Given data: Begin

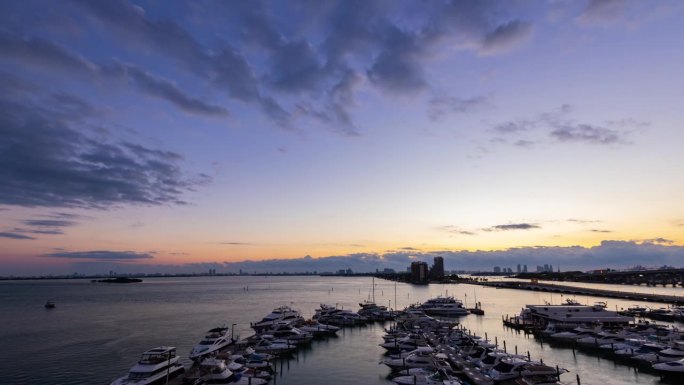 延时-美丽的日落云景市区迈阿密天际线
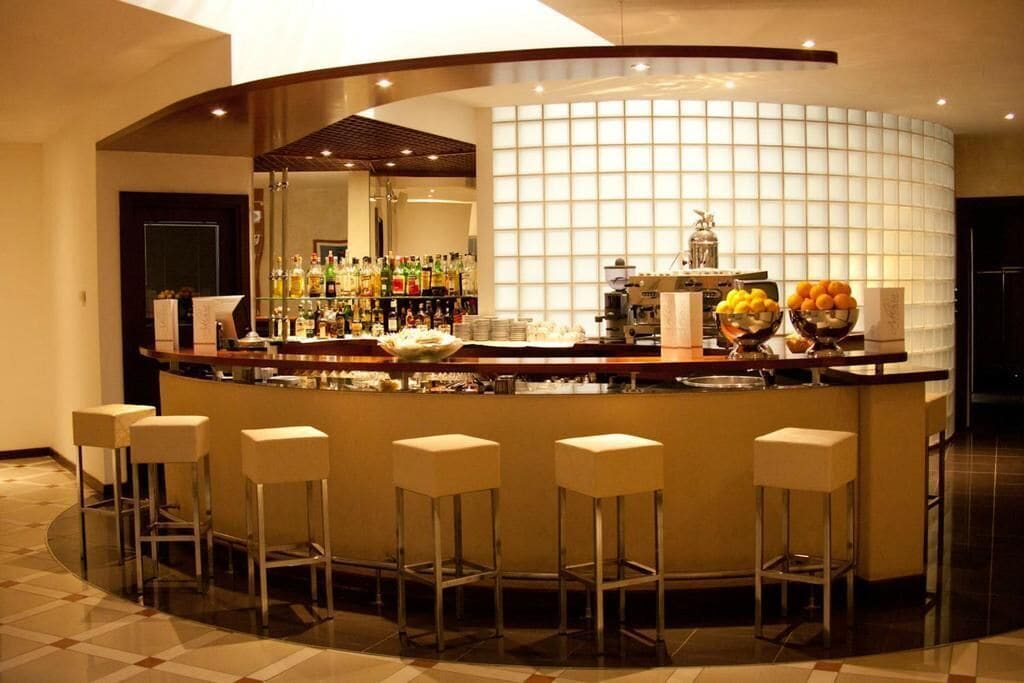 Bar (en la propiedad)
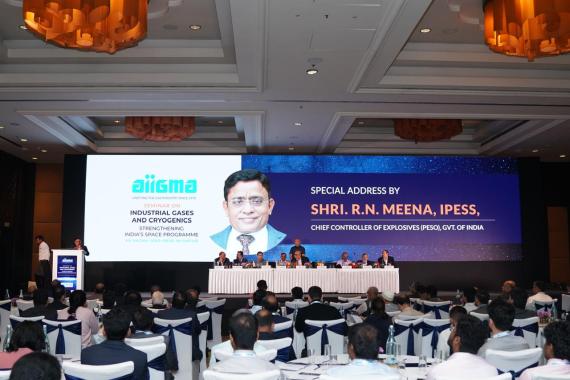 Shri R. N. Meena, Chief Controller of Explosives, addressing the Seminar on Industrial Gases and Cryogenics, organized by AIIGMA in association with ISRO and PESO, on 09.01.2026 at Bengaluru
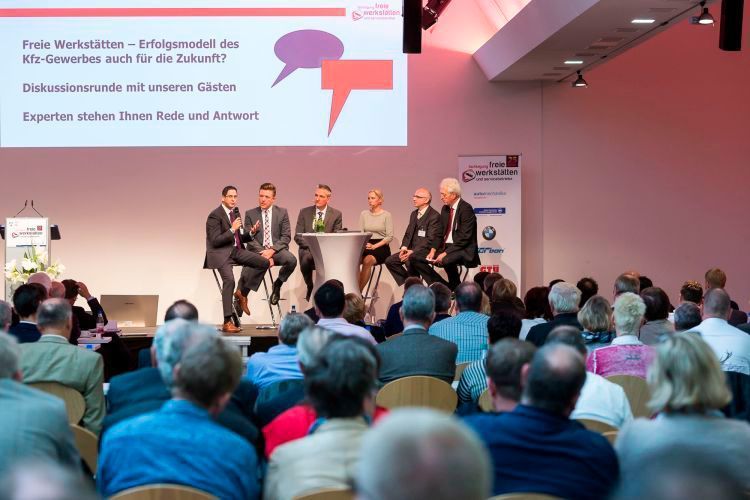 No future? Die Fragen, welche Zukunft freie Werkstätten haben, welchen Herausforderungen sie sich stellen müssen, aber auch welche Chancen sie haben, beantworteten die Teilnehmer einer Podiumsdiskussion. (Stefan Bausewein)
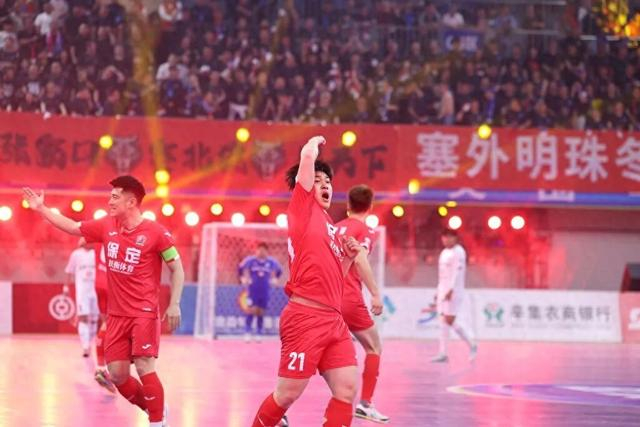 电竞世界杯-刚刚，“河北五超”冠军诞生！|保定队|张家口队|河北日报|总决赛|石家庄_新浪新闻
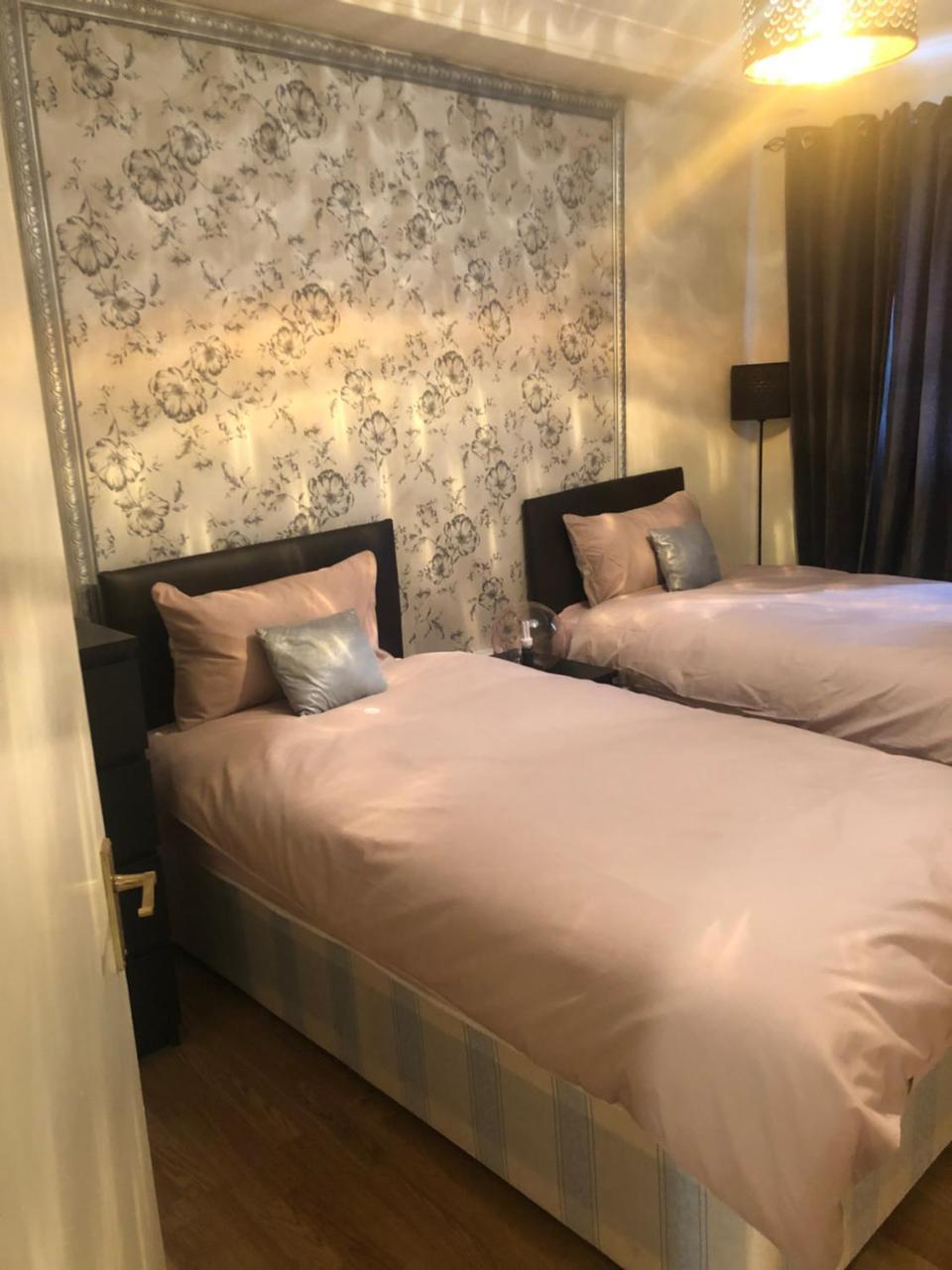 Beautiful 2 Bedrooms Opposite Hyde Park 1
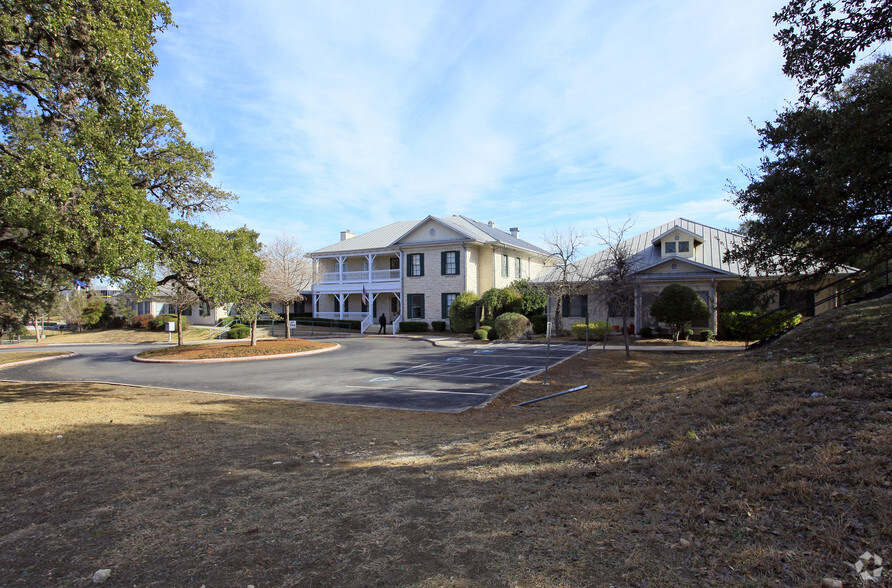 4455 Horizon Hill Blvd, San Antonio, TX for sale - Building Photo - Image 1 of 4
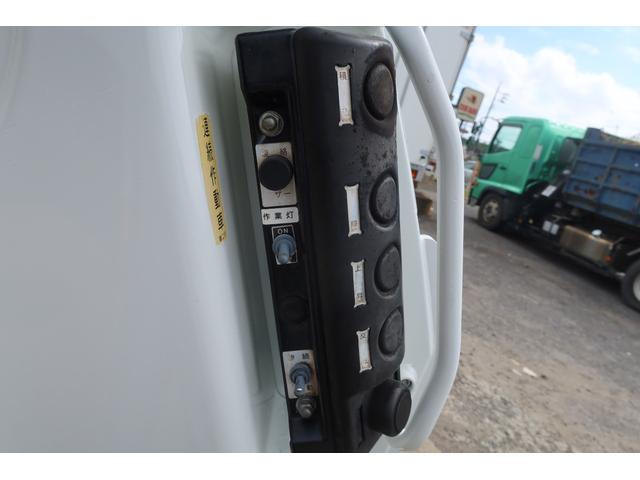 エルフトラック 　新明和　ワイドプレスパッカー車　６．０立米　積載２７００ｋｇ　汚水タンク付　連続スイッチ付（10枚目）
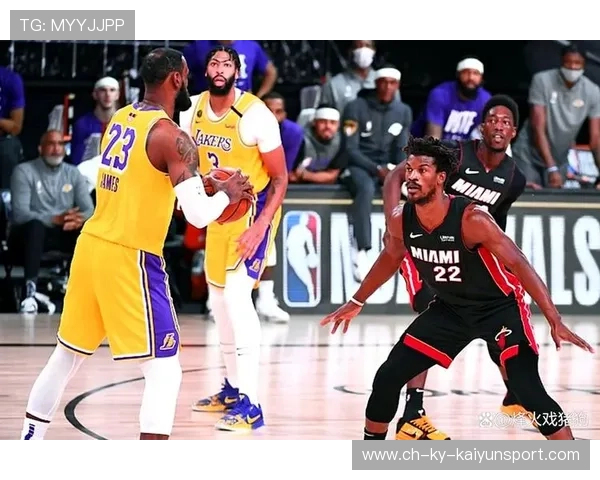 湖人轮换体系混乱，詹眉组合压力山大，詹姆斯 湖人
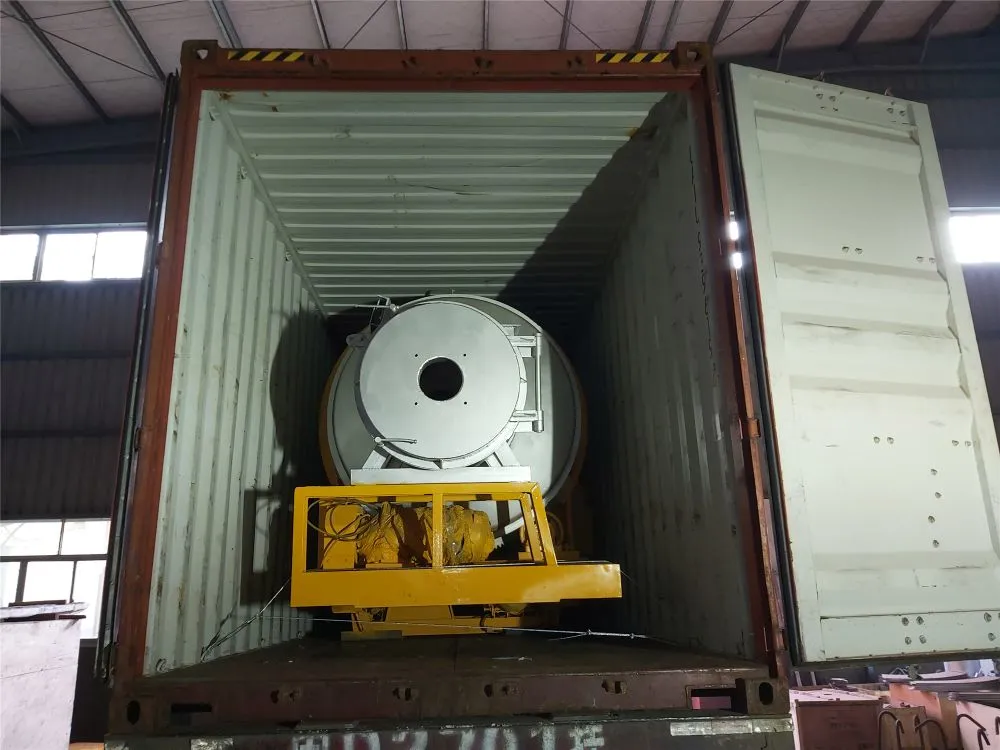 LOADING PHOTOS-1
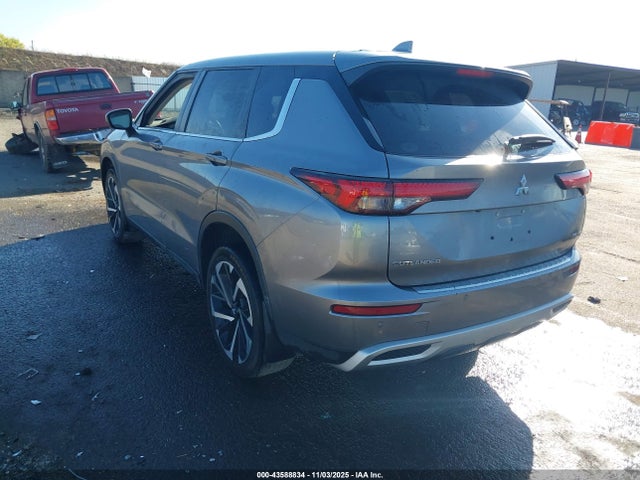 2022 MITSUBISHI OUTLANDER JA4J4UA87NZ067812 Photo 2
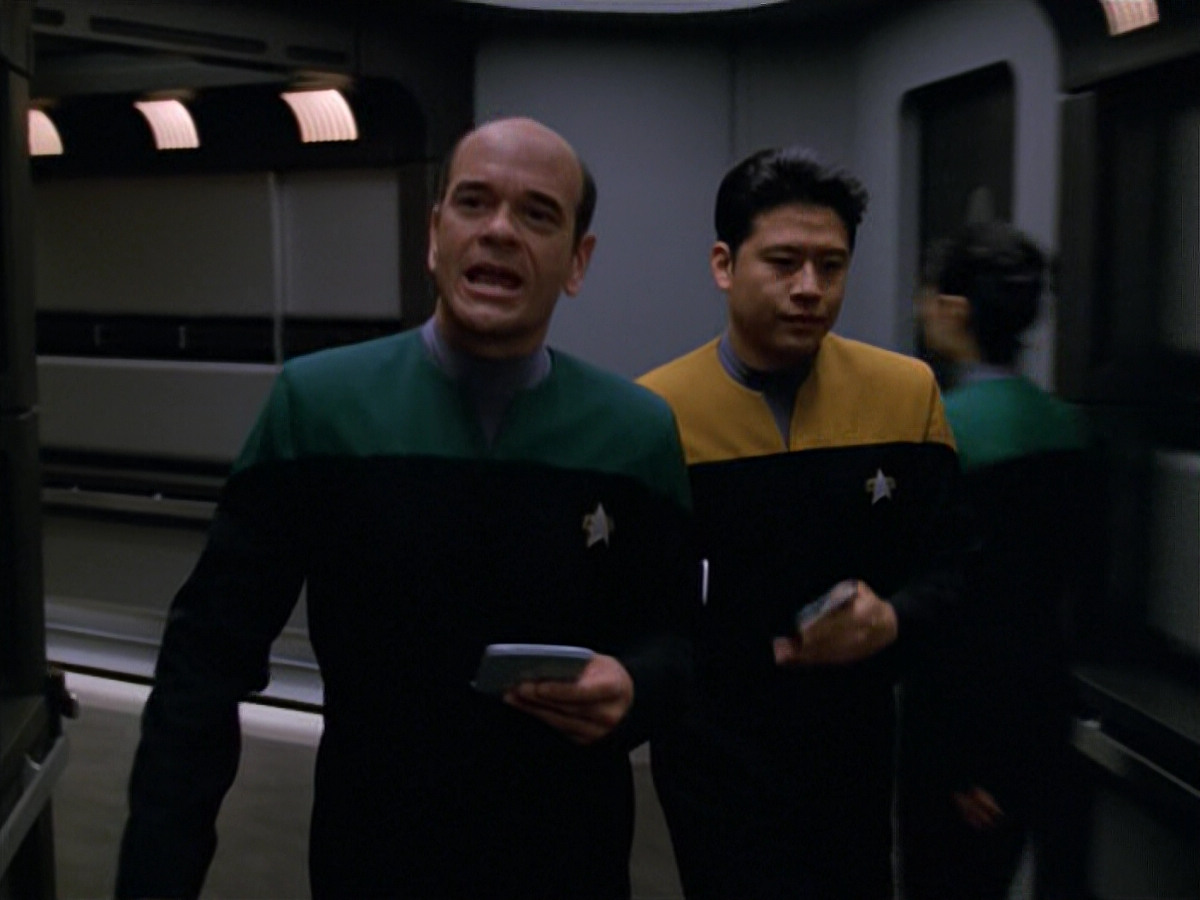 extant_StarTrek_VOY_5x08-NothingHuman_00743.jpg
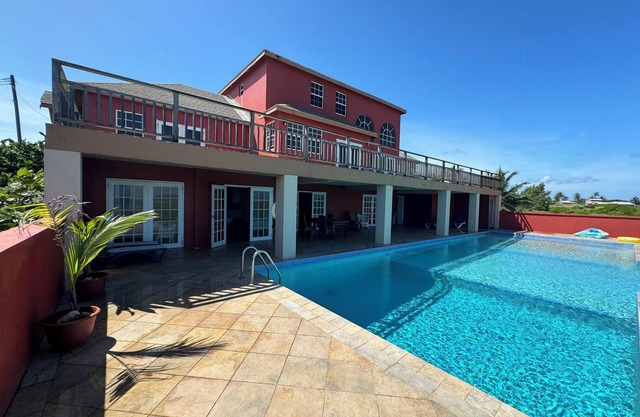 Casa Roja - Must See Private Serene Oceanfront Property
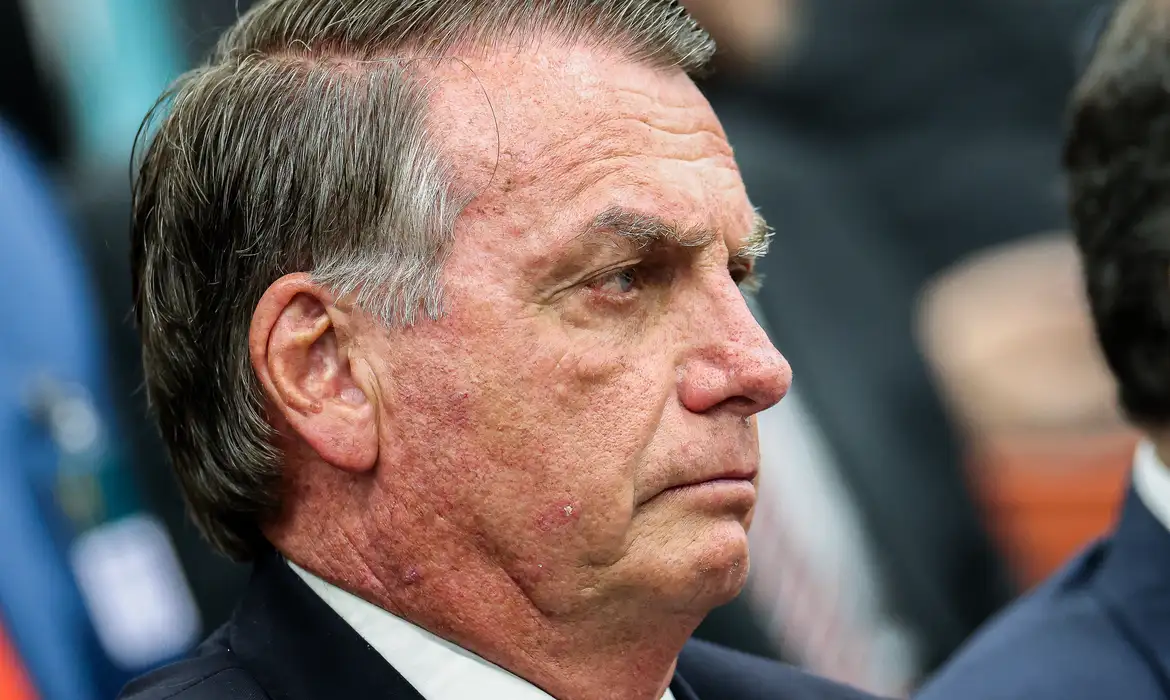 Bolsonaro passa mal, cancela compromissos em Goiás e retorna a Brasília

Given data: End

- Work order
Once the line containing "エルフトラック 　新明和　ワ" is located, write out exactly that line and each one after it to the end of the records above, excluding pictures and nothing else.

- Completed exercise
 エルフトラック 　新明和　ワイドプレスパッカー車　６．０立米　積載２７００ｋｇ　汚水タンク付　連続スイッチ付（10枚目）
 湖人轮换体系混乱，詹眉组合压力山大，詹姆斯 湖人
 LOADING PHOTOS-1
 2022 MITSUBISHI OUTLANDER JA4J4UA87NZ067812 Photo 2
 extant_StarTrek_VOY_5x08-NothingHuman_00743.jpg
 Casa Roja - Must See Private Serene Oceanfront Property
 Bolsonaro passa mal, cancela compromissos em Goiás e retorna a Brasília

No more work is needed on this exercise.